Your instructions: Wherever a picture appears in the listing below, leave it out and reproduce the rest exactly.

*** Data extracts Section Begins ***

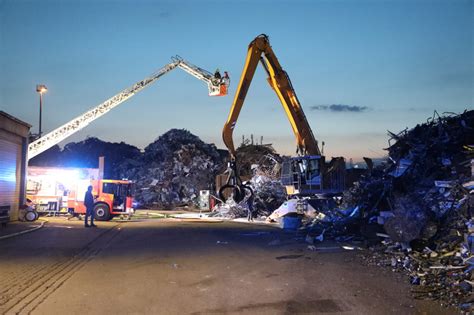 Schrotthalde Brennt In Brink Hafen Langenhagen Aktuell Region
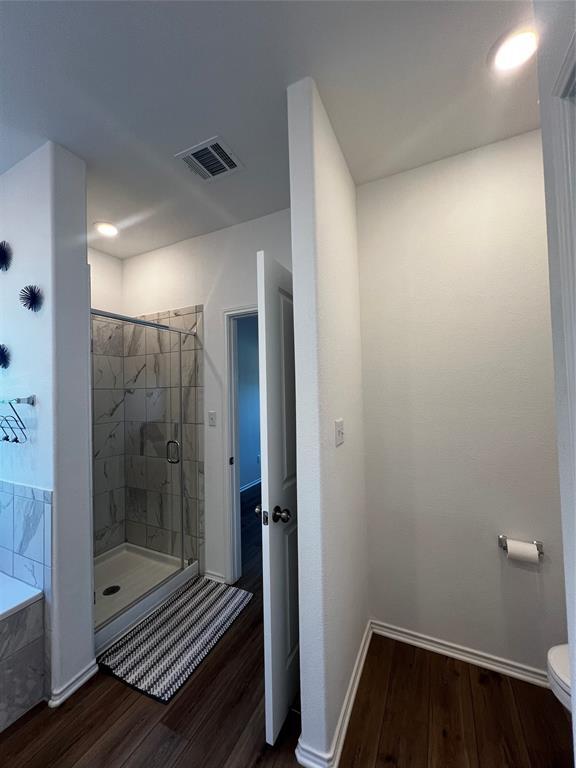 Building Photo - 941 Legends Ln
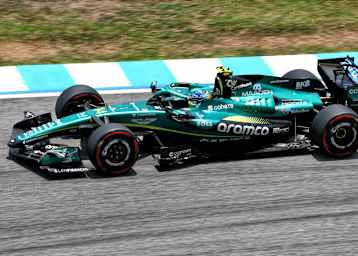 Fernando Alonso im ersten Training in Sepang
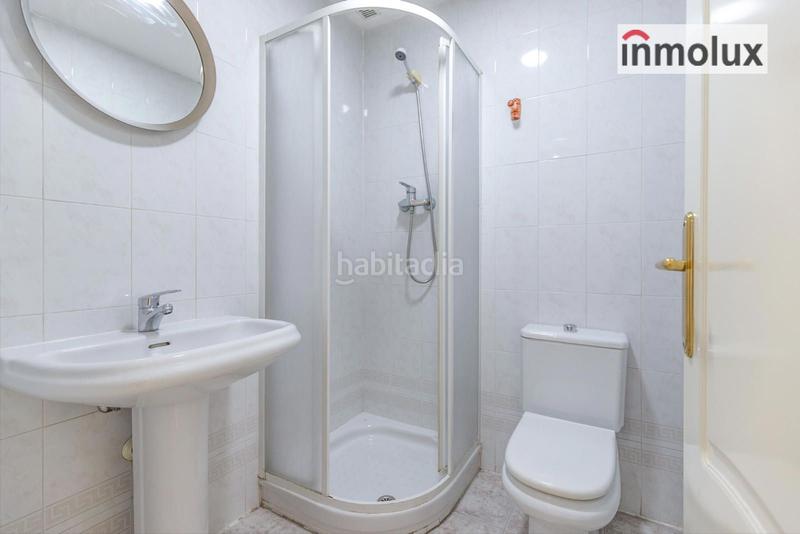 Foto f04e8261-5f6c-415d-b1b1-4abfad65f6b2. Casa adossada amb calefacció aparcament piscina a Alicante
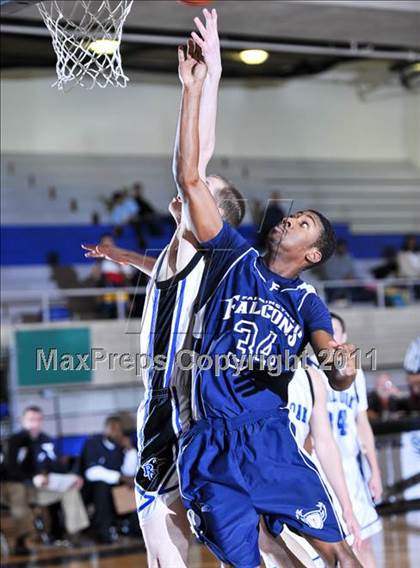 Thumbnail 2 in Farmington vs. Royal Oak photogallery.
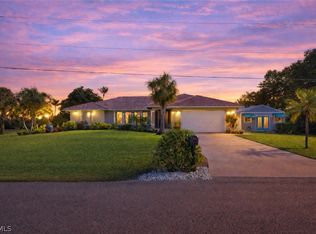 12070 Bohman Ln, Bokeelia, FL 33922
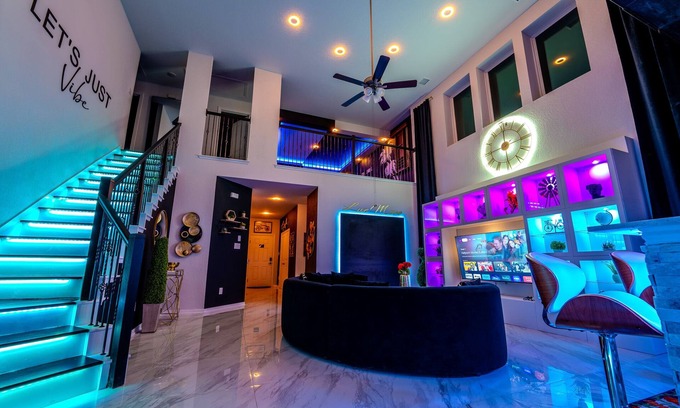 San Antonio Casa | Movie Theatre, Basketball court, Pool Table Luxury Castle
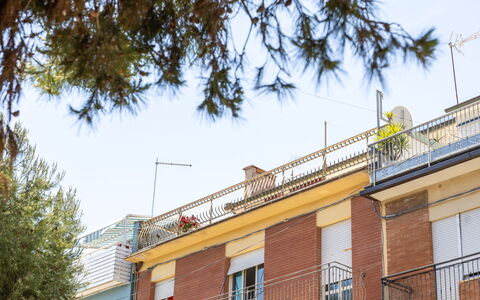 Attico del Corso: Composite, Design Urbain, Métal, Le Fer, Balcon, Appartement, Balustrade, Clôture, Daylighting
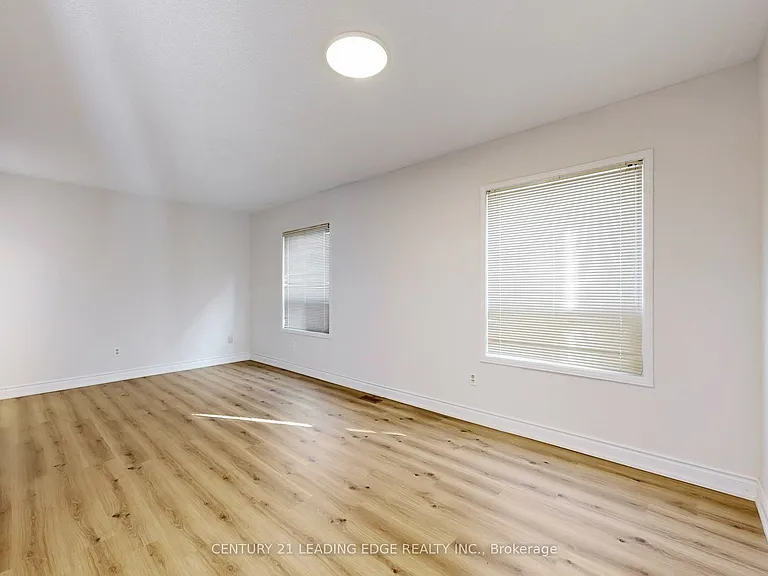 107 Joycedale St #MAIN FLOOR — Photo 5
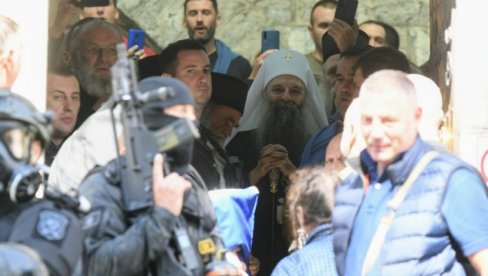 DUGE CEVI I KRSTOVI: Milov ekstremizam izazvao nerealne scene ispred Cetinjskog manastira nakon ustoličenja (FOTO/VIDEO) DUGE CEVI I KRSTOVI: Milov ekstremizam izazvao nerealne scene ispred Cetinjskog manastira nakon ustoličenja (FOTO/VIDEO)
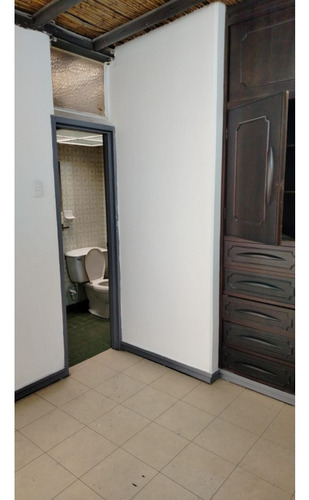Oficina En Arriendo, Restrepo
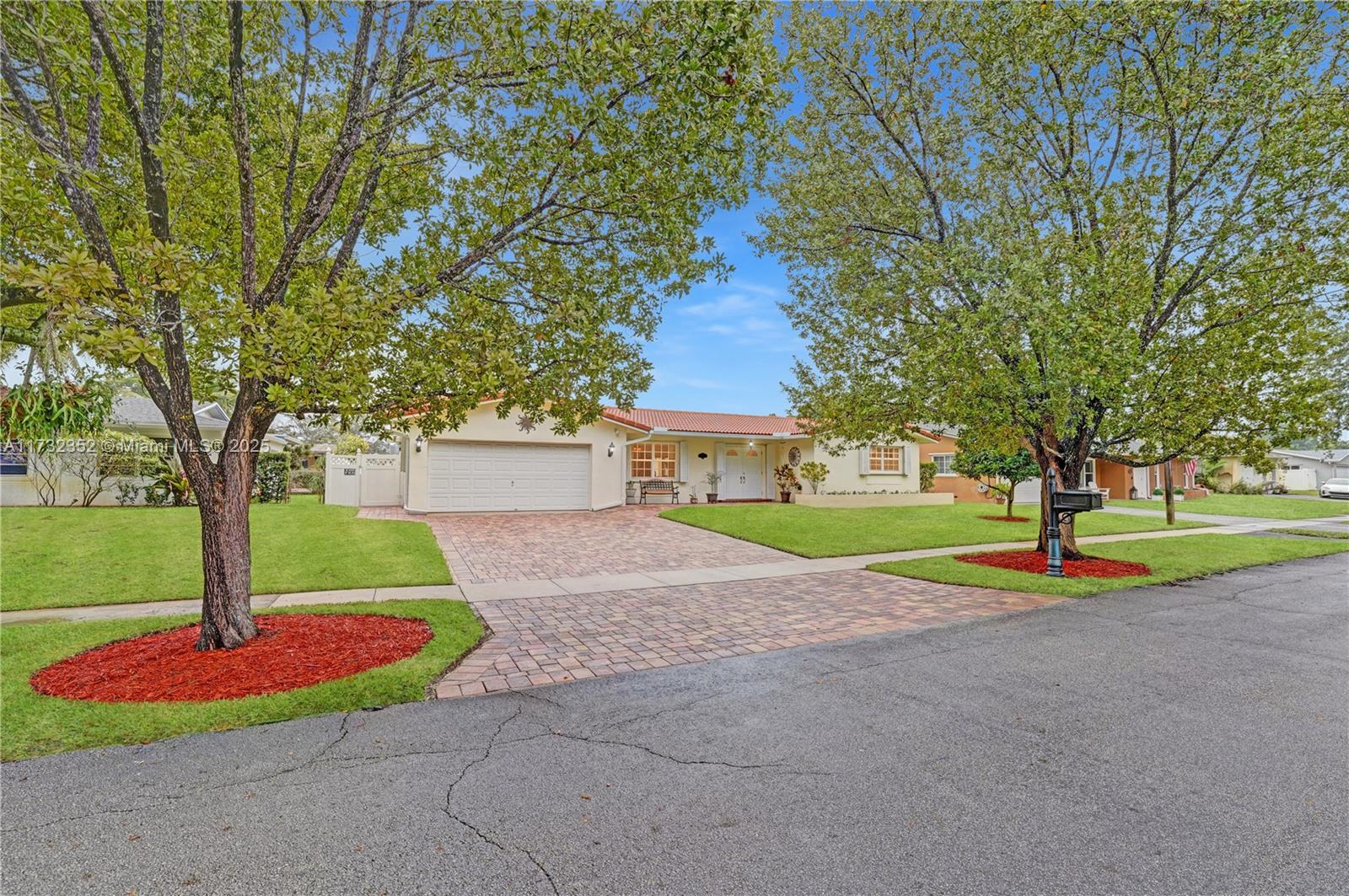 1811 NW 106th Ter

*** Data extracts Section Ends ***

Result below:
 Schrotthalde Brennt In Brink Hafen Langenhagen Aktuell Region
 Building Photo - 941 Legends Ln
 Fernando Alonso im ersten Training in Sepang
 Foto f04e8261-5f6c-415d-b1b1-4abfad65f6b2. Casa adossada amb calefacció aparcament piscina a Alicante
 Thumbnail 2 in Farmington vs. Royal Oak photogallery.
 12070 Bohman Ln, Bokeelia, FL 33922
 San Antonio Casa | Movie Theatre, Basketball court, Pool Table Luxury Castle
 Attico del Corso: Composite, Design Urbain, Métal, Le Fer, Balcon, Appartement, Balustrade, Clôture, Daylighting
 107 Joycedale St #MAIN FLOOR — Photo 5
 DUGE CEVI I KRSTOVI: Milov ekstremizam izazvao nerealne scene ispred Cetinjskog manastira nakon ustoličenja (FOTO/VIDEO) DUGE CEVI I KRSTOVI: Milov ekstremizam izazvao nerealne scene ispred Cetinjskog manastira nakon ustoličenja (FOTO/VIDEO)
Oficina En Arriendo, Restrepo
 1811 NW 106th Ter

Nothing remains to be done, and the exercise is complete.